I will be coming to you each month, relaying information on what and how we do things here in our fields. I look forward to your questions and comments on anything related to the appropriate topics. We also offer free garden lectures each month, which gives everyone a chance to learn, walk the gardens and ask questions. We try for two Saturday sessions per month with a variety of knowledgeable speakers on topics related to that time of year.
September is a very exciting time for us here. We are still reeling from the abundance of product that the spring and summer has given us. We have harvested 9500 lbs through August this year. Early tomatoes, bell peppers, squash and cucumbers are coming out to make room for final summer crops and cool season crops. Next week we will concentrate on bed preparation and planting of our most popular fall and winter crops. Broccoli, cauliflower and lettuce will gradually be replacing our spring and summer crops as they approach the end of their production cycles. We will continue these plantings through February.
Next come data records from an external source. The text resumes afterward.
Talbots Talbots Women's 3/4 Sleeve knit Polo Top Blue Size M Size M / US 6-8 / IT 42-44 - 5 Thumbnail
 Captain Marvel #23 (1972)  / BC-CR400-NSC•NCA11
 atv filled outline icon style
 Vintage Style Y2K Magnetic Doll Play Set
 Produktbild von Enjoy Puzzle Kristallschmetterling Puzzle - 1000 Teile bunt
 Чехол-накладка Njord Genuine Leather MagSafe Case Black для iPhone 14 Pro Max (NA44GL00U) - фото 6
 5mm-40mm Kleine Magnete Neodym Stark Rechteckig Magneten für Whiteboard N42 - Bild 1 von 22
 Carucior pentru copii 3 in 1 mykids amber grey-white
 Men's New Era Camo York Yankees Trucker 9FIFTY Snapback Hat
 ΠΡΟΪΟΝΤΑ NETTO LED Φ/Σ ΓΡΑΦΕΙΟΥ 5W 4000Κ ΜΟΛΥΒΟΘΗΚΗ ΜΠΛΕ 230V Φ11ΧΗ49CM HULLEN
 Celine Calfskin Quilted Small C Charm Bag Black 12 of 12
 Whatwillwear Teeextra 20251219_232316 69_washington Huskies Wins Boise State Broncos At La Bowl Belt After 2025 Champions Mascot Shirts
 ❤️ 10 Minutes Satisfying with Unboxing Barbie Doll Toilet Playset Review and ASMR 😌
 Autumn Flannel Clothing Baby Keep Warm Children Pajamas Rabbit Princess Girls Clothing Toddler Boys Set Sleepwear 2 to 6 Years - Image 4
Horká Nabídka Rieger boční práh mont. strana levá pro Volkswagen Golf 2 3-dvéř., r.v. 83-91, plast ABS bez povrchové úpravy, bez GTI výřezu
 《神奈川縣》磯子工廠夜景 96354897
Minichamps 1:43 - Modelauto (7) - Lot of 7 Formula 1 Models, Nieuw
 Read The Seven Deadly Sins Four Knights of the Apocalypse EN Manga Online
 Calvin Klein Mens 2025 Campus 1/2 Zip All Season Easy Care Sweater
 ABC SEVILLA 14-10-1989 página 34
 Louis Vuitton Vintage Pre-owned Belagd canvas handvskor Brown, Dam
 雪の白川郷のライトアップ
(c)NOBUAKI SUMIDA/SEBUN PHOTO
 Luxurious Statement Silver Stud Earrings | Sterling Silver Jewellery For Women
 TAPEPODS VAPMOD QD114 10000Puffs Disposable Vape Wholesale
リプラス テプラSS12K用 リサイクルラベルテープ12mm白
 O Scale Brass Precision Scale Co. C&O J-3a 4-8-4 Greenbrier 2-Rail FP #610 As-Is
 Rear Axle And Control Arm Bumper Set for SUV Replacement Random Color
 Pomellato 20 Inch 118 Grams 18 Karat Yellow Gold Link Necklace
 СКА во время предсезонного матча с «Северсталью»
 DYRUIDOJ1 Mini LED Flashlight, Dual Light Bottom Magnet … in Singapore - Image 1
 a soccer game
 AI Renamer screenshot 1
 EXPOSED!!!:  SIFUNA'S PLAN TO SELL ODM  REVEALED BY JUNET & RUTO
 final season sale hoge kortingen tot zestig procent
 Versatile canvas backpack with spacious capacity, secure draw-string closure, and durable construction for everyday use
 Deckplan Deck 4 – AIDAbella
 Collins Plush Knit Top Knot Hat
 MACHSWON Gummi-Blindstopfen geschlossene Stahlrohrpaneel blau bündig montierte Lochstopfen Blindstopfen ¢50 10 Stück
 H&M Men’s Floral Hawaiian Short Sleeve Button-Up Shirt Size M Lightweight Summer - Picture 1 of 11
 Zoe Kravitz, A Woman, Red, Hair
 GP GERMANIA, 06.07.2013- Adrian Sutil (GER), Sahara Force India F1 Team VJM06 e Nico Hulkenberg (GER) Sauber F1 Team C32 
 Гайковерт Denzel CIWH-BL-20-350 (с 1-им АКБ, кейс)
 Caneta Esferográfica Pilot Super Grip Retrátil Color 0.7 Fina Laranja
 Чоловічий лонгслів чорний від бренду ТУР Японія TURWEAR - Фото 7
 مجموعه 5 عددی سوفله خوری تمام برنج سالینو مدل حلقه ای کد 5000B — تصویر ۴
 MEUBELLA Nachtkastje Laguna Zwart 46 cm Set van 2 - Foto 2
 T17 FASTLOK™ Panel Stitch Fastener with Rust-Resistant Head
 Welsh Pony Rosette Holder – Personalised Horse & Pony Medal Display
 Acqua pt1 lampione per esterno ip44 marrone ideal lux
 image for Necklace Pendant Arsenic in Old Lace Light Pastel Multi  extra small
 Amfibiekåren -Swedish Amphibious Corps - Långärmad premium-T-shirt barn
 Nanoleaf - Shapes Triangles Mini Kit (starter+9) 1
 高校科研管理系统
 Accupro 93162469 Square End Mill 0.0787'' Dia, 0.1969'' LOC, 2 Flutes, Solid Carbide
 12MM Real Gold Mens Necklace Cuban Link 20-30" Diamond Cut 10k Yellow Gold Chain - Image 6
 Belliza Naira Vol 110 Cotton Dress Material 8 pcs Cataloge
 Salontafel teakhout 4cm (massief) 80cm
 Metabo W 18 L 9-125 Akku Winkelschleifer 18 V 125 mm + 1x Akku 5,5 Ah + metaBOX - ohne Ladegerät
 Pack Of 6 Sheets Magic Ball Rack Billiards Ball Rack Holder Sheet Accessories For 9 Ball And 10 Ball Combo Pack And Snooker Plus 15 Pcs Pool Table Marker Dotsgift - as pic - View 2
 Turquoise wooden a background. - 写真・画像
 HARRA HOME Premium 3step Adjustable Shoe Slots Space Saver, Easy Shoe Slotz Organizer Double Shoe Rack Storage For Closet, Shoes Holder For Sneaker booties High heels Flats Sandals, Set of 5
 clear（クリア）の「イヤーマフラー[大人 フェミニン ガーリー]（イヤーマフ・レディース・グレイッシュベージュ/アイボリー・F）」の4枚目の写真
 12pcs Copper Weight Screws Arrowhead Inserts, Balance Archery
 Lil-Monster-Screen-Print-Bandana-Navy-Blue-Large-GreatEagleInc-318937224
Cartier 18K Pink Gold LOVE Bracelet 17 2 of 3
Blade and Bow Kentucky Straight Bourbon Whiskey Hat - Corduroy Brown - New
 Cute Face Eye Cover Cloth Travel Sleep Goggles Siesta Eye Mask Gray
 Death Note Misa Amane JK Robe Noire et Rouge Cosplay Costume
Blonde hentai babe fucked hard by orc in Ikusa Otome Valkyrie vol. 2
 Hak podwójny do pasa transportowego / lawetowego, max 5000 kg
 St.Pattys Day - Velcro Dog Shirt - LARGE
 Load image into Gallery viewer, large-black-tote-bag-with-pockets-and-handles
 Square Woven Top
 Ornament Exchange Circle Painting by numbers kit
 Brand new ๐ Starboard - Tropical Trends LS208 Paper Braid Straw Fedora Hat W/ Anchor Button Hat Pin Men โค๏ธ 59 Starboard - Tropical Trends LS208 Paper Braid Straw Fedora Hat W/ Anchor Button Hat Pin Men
The most important things we are doing to guarantee us tomatoes for the end of the year, are related to pest control and fertilization. We spray every 10-14 days with B.T. (bacillus thuringiensis) and M-Pede, assorted oils and/or soaps, to control somewhat, worm and aphid infestations. So far we have experienced good control of these major pests. Plants will continue to be tied up as they grow, and fertilized every couple weeks either with worm tea or side dressed with a complete organic fertilizer such as Dr. Earth 4-4-4.
We are in the process of harvesting green and red bell peppers. Plants that have sufficient foliage from proper fertilization are left to go to red. We also use a black shade netting to cover some of our bells to protect against sunburn, to get them to the red phase. An occasional shot of BT to control the caterpillars, and worm tea for fertilizer, and we are good to go.
Next month we will talk more on some of the problems we have experienced here in the past with cool season plantings (especially cole crops).
Little by little you will be able to get a feel of what Sunshine Care is not only offering its residents, but the community as a whole.